- Kategori
- Deneme
Cenneti Bulmak

"Ömrümüzün en güzel yılları diye bir şey yoktur gerçekte. Bir yığın küçük büyük sevinçle, bir yığın büyük küçük acının bir araya gelerek yaptığı bir bileşimle yıllar geçip bedenimizin gücü azadıkça, zihin gücümüz genişlemiş gibi gözüktükçe; büyük işler yaptığımız, büyük mutluluklar yaşadığımız yanılsamasına kapılırız, o kadar!"*
Bu yanılsamayla, sonu olmayan bir geleceğe doğru, zamanın eğik düzleminden hızla kayarken tek gerçeğin ölüm olduğu düşüncesi acımasızca gelip yerleşiverir içimize. Ve biz hala mutsuzluktan, sevgisizlikten, dünyanın kötülüğünden dem vururuz. Oysa zamanı yavaşlatmanın, hayata yetişmenin, mutlu olmanın telaşında olmamız daha anlamlı değil midir?

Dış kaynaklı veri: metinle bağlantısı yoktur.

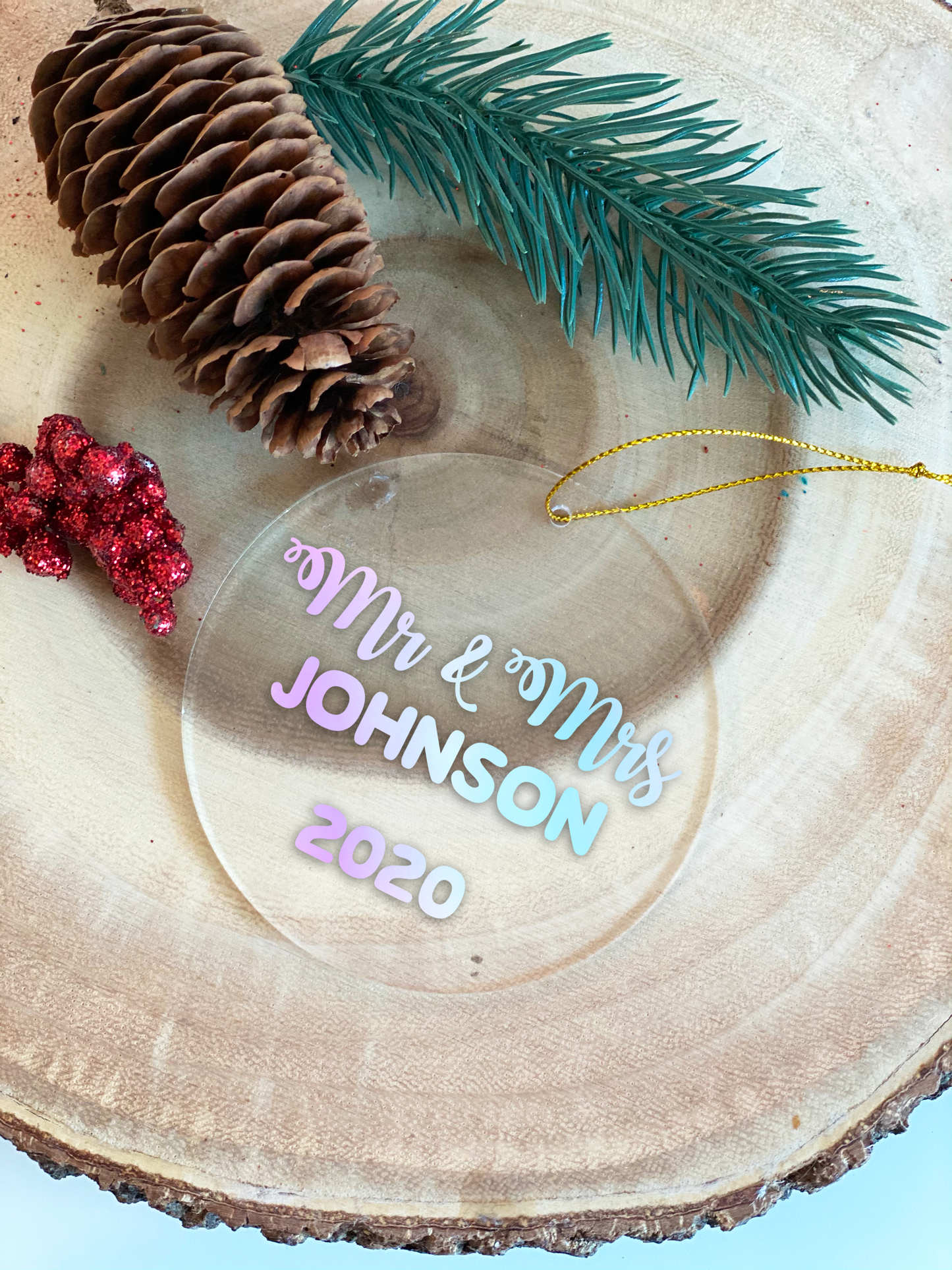 Personalized Mr & Mrs Christmas Ornament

Hayatımızda yarım bırakılmış ne varsa bütüne tamamlamak için hala fırsatımız varken, kendi kendimizle didişmekle elimizde kalan zamanı hovardaca harcamış olmuyor muyuz?

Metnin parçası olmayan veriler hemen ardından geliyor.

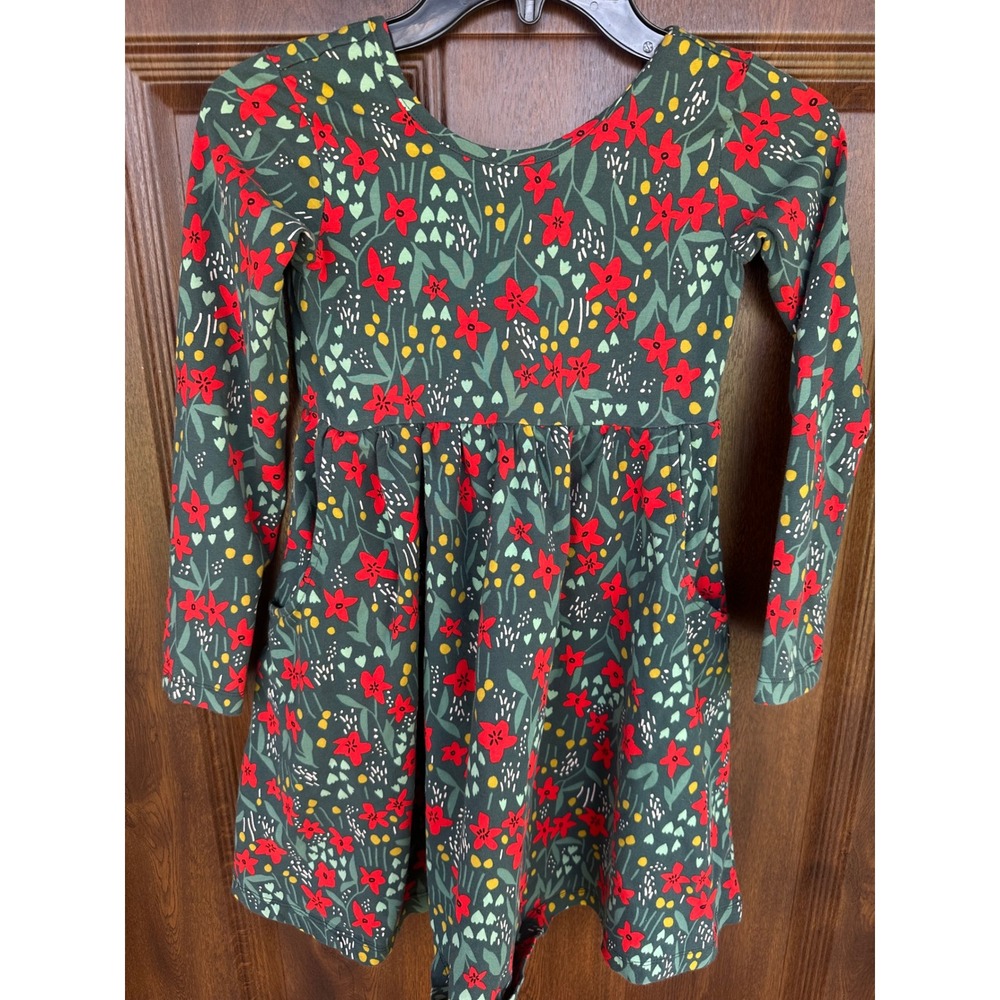 HANNA ANDERSSON GIRLS  COTTON BLEND SKATER DRESS SIZE 8 FLORAL GREAT CONDITION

Uzun yıllar "...ruhumuzun derinliklerine inemeyen insanlarla yatağımızı paylaşmak zorunda kaldığımızda"n yüreğimizde oluşan yaraları sağaltabilmek her zaman kolay değildir. Umarsızlığımız içimizdeki Tanrı'nın sesine kulak vermemizi öğütler. Bize bir türlü sesini duyuramayan Tanrı bizi dinler, bağışlar mı bilemem ama bilmeden yaşadığımız günahların bedelini bize yaşarken ödetirken asla adil davranmadığını hepimiz biliriz!
Belki de bu yüzdendir, Tanrı'nın cennetine fazla rağbet olmaması...İnsanoğlu, cehennemi bu dünyada yaşarken, cennetin de burada olduğuna inanmak ister.
Farklı bir İslam düşüncesine sahip Şeyh Bedreddin,"Her güzel şey cennet, her kötü şey cehennemdir" derken, ilerde başına geleceklerin ona cehennemi aratacağını bilemezdi elbet.
Galiba en iyisi" Onun cenneti veresiye, benim ki peşin!" diyen Hayyam'ın izinden gitmek... Zaten Beckettvari mutluluklar yaşayıp asıl mutluluğu öbür dünyada yaşamak isteyen biri hiç olmadım.
Bu dünyada cenneti bulan / yaşayan herkese "Selam olsun!" diyorum.